Nothing but an exact copy is asked for: the lines in the material below from the one with "GFOUK® VeinRepair Microneedle" through the one with "Breast Reduction 3 post lateral - Lubbock Plastic Surgery Breast", pictures excluded.

Data listing section start

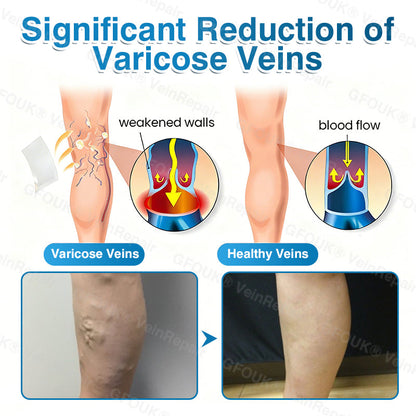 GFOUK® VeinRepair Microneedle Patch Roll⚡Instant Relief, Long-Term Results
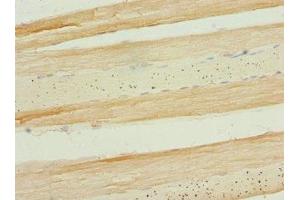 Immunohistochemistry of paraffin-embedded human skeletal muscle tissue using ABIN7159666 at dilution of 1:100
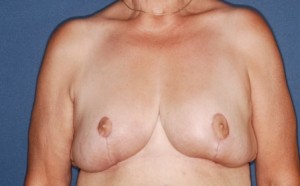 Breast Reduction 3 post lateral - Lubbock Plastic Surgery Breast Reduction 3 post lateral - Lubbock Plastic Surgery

Data listing section end
Data listing section start

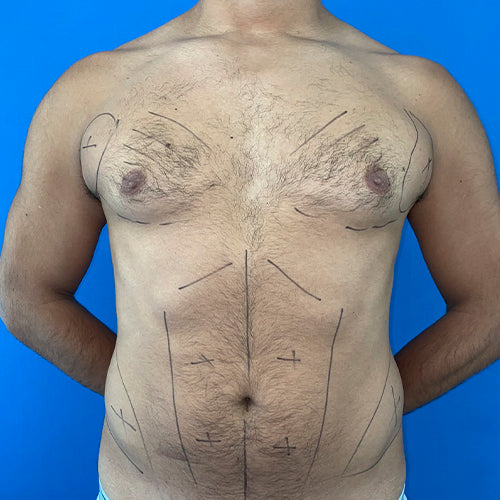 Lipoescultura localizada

Data listing section end

## Answer to this problem
 GFOUK® VeinRepair Microneedle Patch Roll⚡Instant Relief, Long-Term Results
 Immunohistochemistry of paraffin-embedded human skeletal muscle tissue using ABIN7159666 at dilution of 1:100
 Breast Reduction 3 post lateral - Lubbock Plastic Surgery Breast Reduction 3 post lateral - Lubbock Plastic Surgery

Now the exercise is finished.